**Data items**
■ ■ ■ ■ ■

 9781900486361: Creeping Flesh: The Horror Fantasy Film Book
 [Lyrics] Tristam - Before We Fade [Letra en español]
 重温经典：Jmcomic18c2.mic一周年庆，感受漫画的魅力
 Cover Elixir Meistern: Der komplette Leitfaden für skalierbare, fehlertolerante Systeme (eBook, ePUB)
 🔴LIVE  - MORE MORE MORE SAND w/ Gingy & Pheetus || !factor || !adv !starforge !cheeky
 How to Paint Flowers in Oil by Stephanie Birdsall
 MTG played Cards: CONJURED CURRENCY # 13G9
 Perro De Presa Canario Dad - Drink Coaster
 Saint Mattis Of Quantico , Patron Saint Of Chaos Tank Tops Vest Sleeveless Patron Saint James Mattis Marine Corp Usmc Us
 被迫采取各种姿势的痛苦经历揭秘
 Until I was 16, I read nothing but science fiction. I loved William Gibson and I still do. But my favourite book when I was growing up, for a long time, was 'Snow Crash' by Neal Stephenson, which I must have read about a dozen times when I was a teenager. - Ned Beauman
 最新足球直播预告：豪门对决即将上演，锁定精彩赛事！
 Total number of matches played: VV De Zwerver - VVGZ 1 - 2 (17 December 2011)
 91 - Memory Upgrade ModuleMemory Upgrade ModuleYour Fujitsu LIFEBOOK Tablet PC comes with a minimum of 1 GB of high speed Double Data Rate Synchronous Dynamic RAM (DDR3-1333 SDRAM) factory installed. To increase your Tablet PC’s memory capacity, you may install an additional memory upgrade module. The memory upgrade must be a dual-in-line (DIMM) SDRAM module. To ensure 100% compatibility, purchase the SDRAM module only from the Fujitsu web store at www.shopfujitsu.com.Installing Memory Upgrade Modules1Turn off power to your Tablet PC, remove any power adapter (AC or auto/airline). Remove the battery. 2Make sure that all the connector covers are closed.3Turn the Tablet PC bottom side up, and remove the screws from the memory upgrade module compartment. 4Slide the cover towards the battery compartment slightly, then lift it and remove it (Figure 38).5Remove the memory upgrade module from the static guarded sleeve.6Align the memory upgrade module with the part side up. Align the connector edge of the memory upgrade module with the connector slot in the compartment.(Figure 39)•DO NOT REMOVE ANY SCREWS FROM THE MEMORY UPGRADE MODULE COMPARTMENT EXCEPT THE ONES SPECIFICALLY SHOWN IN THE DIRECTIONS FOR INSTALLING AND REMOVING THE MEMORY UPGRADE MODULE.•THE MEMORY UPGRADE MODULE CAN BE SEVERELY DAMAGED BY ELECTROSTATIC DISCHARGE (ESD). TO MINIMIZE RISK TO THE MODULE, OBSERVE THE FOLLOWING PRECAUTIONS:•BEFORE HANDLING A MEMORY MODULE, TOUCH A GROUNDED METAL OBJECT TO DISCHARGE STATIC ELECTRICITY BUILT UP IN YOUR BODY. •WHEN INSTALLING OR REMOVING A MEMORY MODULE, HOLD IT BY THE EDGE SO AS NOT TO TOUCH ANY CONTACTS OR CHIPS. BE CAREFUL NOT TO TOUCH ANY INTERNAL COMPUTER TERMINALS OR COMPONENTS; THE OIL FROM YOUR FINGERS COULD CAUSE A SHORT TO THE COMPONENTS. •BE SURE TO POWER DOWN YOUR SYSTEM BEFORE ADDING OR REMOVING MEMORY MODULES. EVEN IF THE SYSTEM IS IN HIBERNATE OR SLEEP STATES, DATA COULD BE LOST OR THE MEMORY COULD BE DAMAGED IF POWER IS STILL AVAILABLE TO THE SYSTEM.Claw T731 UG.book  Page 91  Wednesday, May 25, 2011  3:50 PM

■ ■ ■ ■ ■

**WHAT YOU NEED TO DO**
Beginning with the line that has "[Lyrics] Tristam - Before" and ending with the line that has "How to Paint", set down the lines above exactly and include no others.

**OUTPUT OF THE TASK**
 [Lyrics] Tristam - Before We Fade [Letra en español]
 重温经典：Jmcomic18c2.mic一周年庆，感受漫画的魅力
 Cover Elixir Meistern: Der komplette Leitfaden für skalierbare, fehlertolerante Systeme (eBook, ePUB)
 🔴LIVE  - MORE MORE MORE SAND w/ Gingy & Pheetus || !factor || !adv !starforge !cheeky
 How to Paint Flowers in Oil by Stephanie Birdsall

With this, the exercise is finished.